[What the exercise asks]:
Look below for the line containing "685. NWT Wilfred", then write out that line and every line after it to the end, exactly, minus the pictures.

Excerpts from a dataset
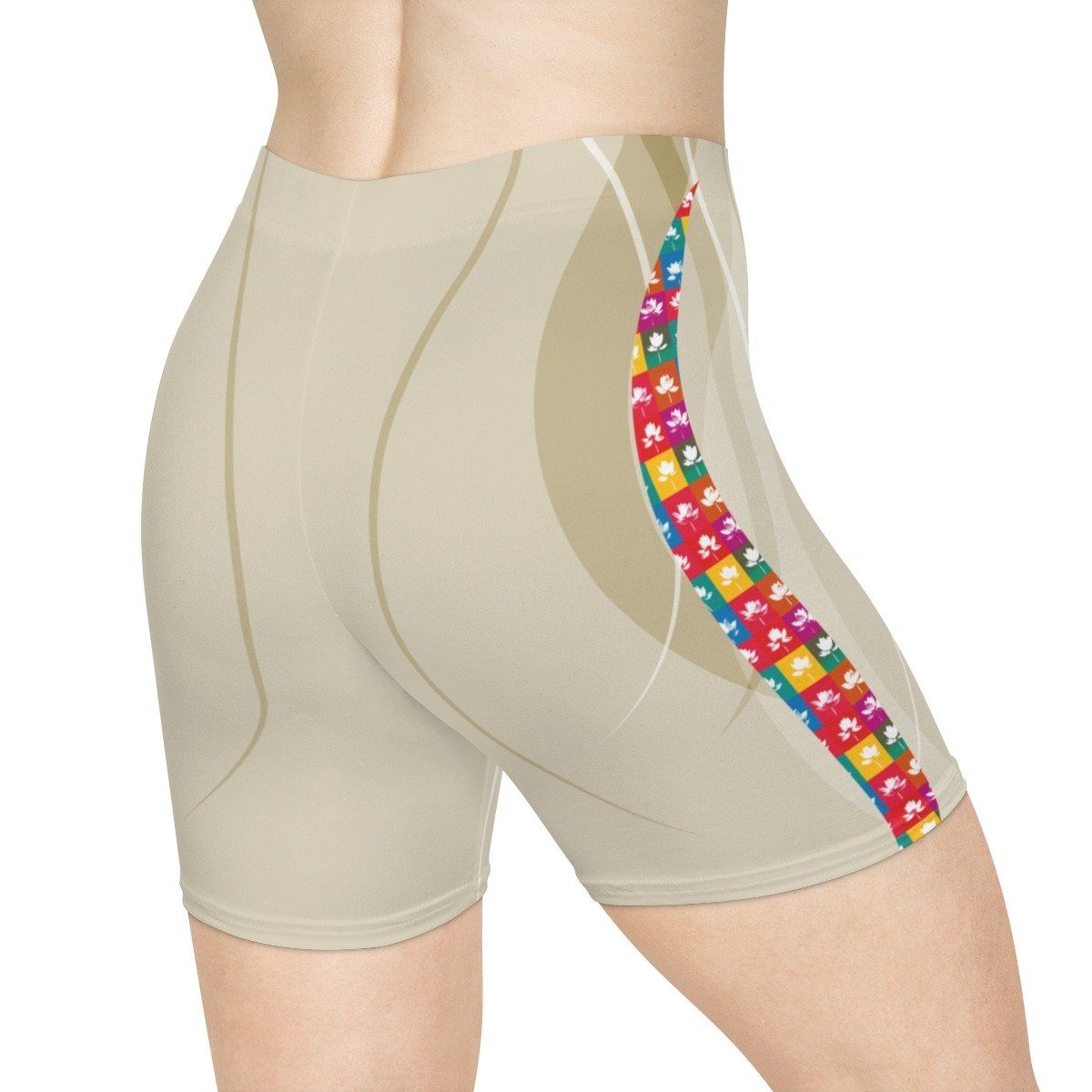 Sacred Bloom Lotus Flower Regular-Waist Spandex Shorts - Image 15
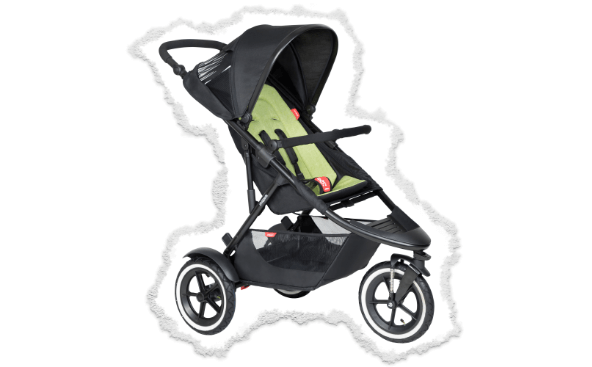 view of sport™ 3 wheel baby and toddler buggy with sunhood and apple coloured seat liner
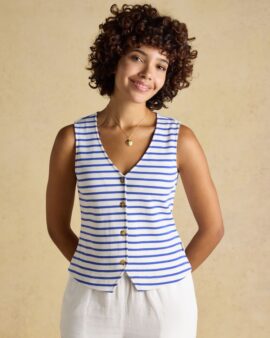 JOULES PREMIUM RIBBED BLUE STRIPED JERSEY COTTON V-NECK WAISTCOAT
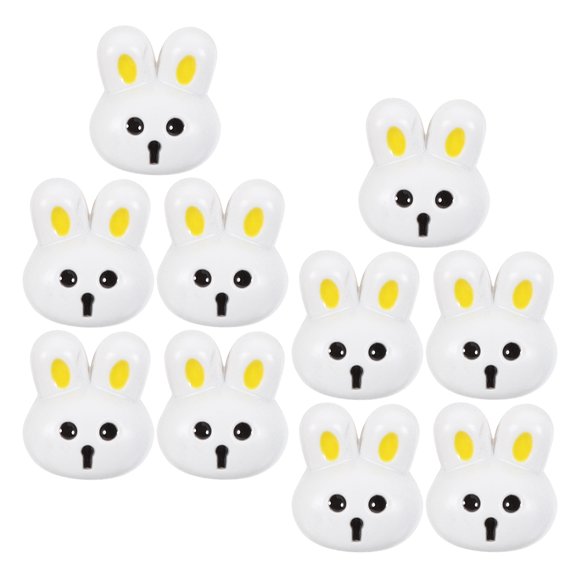 TABLZONE 10Pcs White Bunny Buttons for DIY Crafts Resin Animal Decorative Buttons for Clothing Sewing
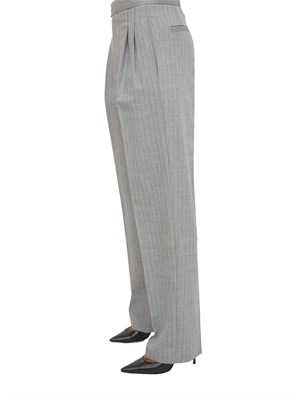 Pantaloni sartoriali Twinset in tessuto gessato di misto lana grigio in DONNA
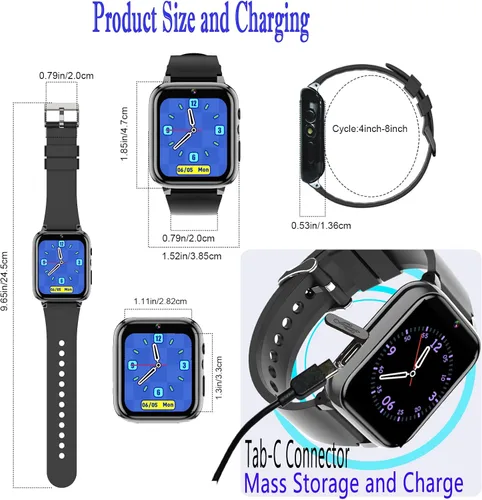 Vista 9 de Reloj inteligente para niños, reloj inteligente para niñas y niños con 26 juegos, grabadora de video y reproductor, calendario podómetro, linterna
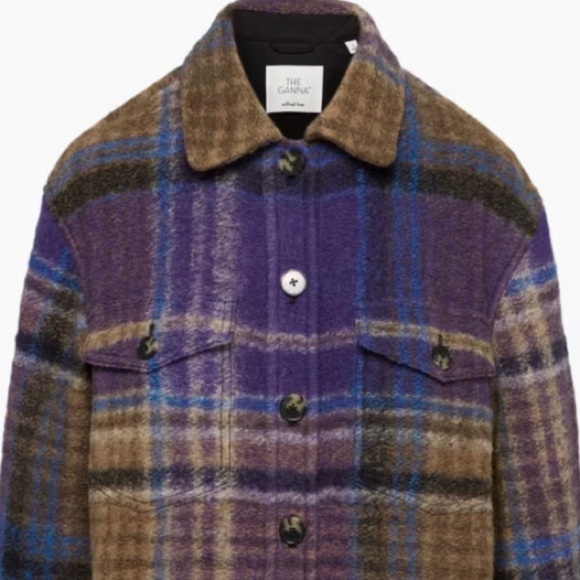 685. NWT Wilfred Ganna purple/brown Wool cropped shacket. Ganna M - Picture 3 of 10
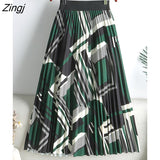 2022 Trend Spring Summer Women Korean Fashion Geometric Aesthetic High Waist Midi Long Pleated A Line Skirt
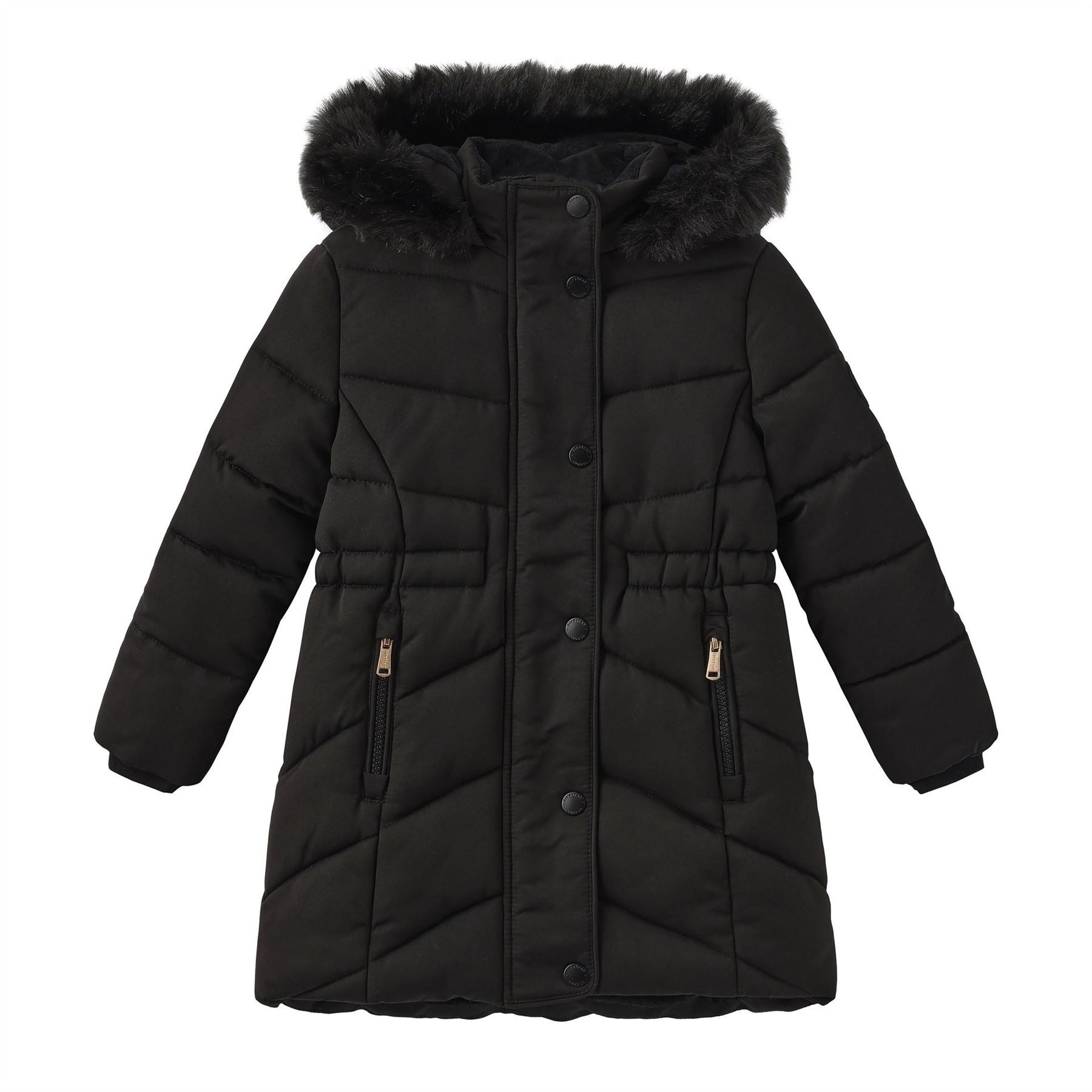 Firetrap Faux Fur Trim Detachable Hood Long Sleeve Short Puffer Jacket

[Result]:
 685. NWT Wilfred Ganna purple/brown Wool cropped shacket. Ganna M - Picture 3 of 10
 2022 Trend Spring Summer Women Korean Fashion Geometric Aesthetic High Waist Midi Long Pleated A Line Skirt
 Firetrap Faux Fur Trim Detachable Hood Long Sleeve Short Puffer Jacket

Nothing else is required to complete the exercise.